* Supplied information:
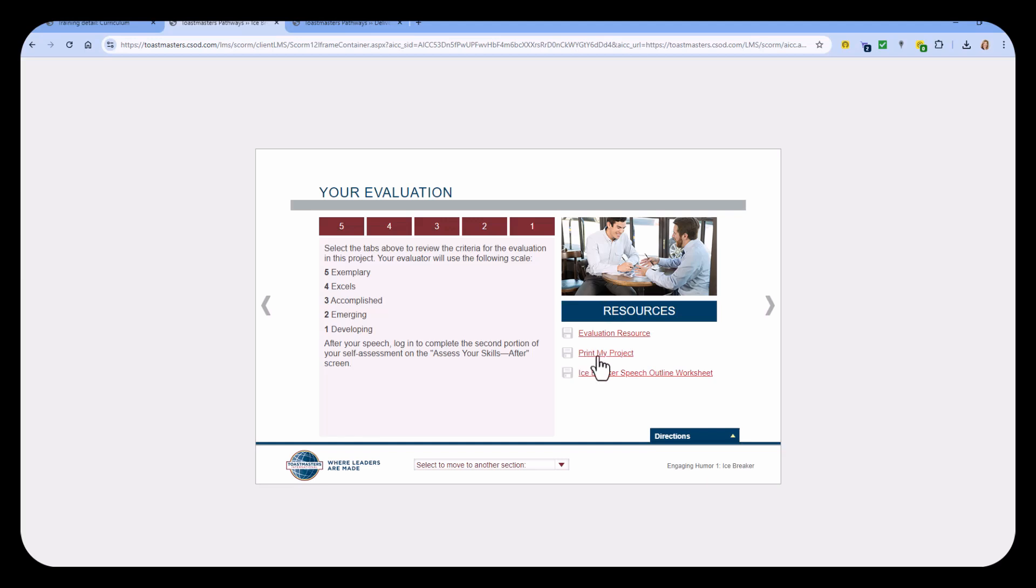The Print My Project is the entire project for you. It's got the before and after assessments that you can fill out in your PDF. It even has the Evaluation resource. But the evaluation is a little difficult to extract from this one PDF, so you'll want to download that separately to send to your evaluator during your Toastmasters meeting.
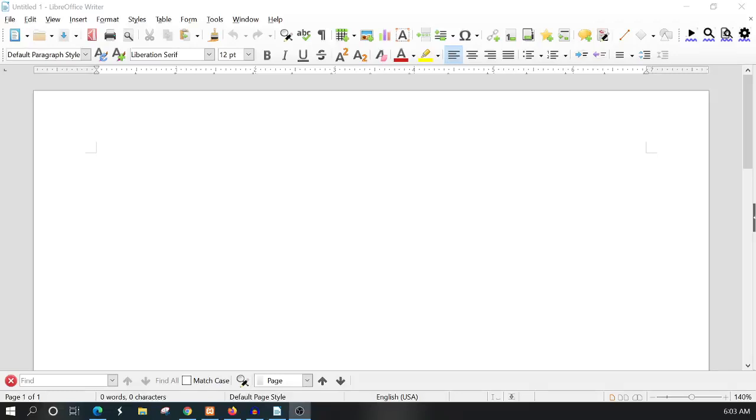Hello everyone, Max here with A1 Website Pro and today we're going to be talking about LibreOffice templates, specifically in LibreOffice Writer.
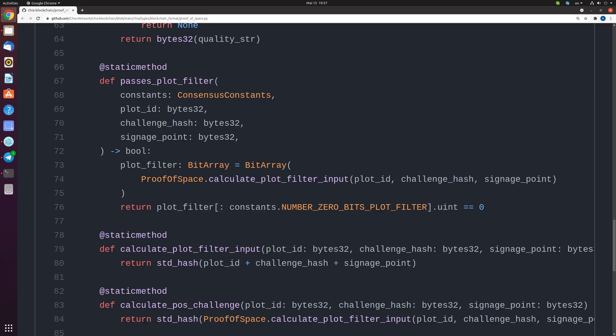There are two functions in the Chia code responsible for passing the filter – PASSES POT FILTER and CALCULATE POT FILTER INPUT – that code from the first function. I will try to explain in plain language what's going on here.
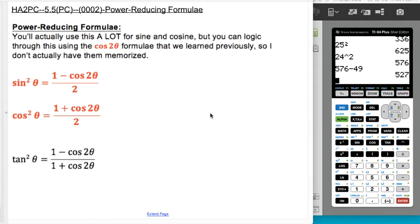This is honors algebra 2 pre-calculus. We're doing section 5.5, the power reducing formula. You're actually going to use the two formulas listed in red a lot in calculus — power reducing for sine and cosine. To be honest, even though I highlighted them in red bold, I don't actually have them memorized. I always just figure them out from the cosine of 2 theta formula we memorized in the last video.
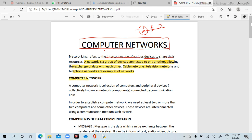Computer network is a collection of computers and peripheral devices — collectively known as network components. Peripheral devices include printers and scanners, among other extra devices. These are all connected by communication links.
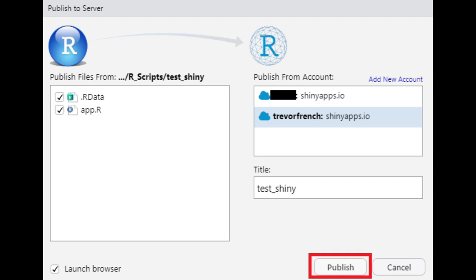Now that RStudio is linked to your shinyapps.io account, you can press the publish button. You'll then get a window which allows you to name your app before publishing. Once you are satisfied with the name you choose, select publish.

==

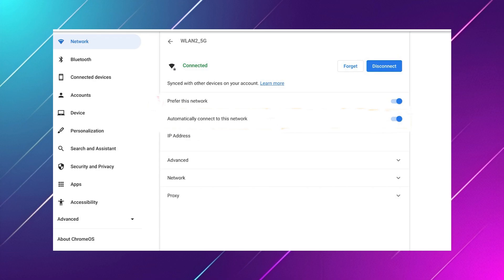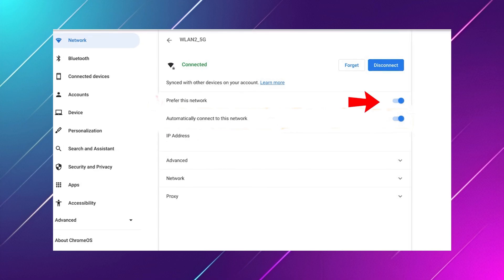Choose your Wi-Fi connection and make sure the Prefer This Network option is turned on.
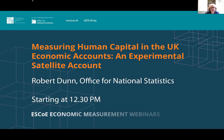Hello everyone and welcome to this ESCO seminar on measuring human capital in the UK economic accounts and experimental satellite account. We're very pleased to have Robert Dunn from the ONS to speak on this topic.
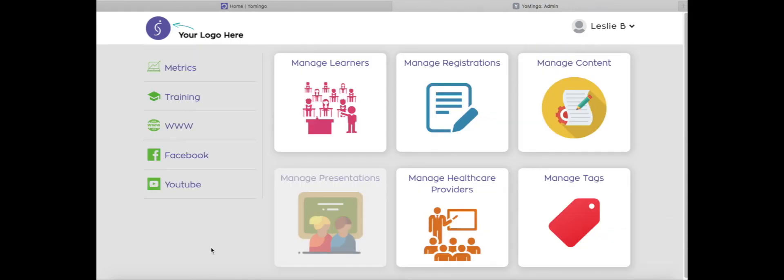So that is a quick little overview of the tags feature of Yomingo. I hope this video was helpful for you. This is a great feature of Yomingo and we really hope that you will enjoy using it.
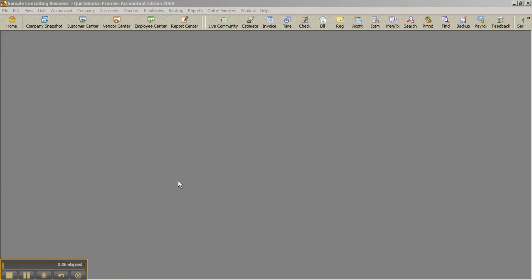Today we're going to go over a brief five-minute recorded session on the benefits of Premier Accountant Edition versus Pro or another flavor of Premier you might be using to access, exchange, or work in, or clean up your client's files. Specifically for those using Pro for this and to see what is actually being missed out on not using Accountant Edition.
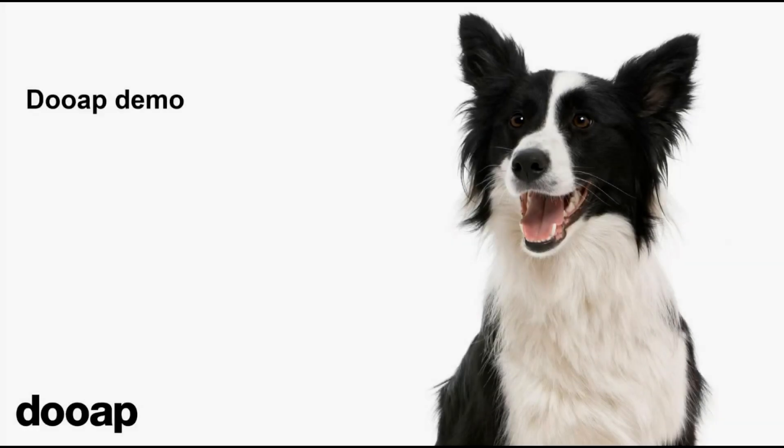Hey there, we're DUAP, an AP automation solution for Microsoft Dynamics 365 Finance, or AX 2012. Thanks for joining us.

* Work to be completed: Using the data above, print only the lines starting at the one with "Hello everyone, Max" and ending at the one with "Now that RStudio", exactly as they stand, minus the pictures.

* Written solution:
Hello everyone, Max here with A1 Website Pro and today we're going to be talking about LibreOffice templates, specifically in LibreOffice Writer.
There are two functions in the Chia code responsible for passing the filter – PASSES POT FILTER and CALCULATE POT FILTER INPUT – that code from the first function. I will try to explain in plain language what's going on here.
This is honors algebra 2 pre-calculus. We're doing section 5.5, the power reducing formula. You're actually going to use the two formulas listed in red a lot in calculus — power reducing for sine and cosine. To be honest, even though I highlighted them in red bold, I don't actually have them memorized. I always just figure them out from the cosine of 2 theta formula we memorized in the last video.
Computer network is a collection of computers and peripheral devices — collectively known as network components. Peripheral devices include printers and scanners, among other extra devices. These are all connected by communication links.
Now that RStudio is linked to your shinyapps.io account, you can press the publish button. You'll then get a window which allows you to name your app before publishing. Once you are satisfied with the name you choose, select publish.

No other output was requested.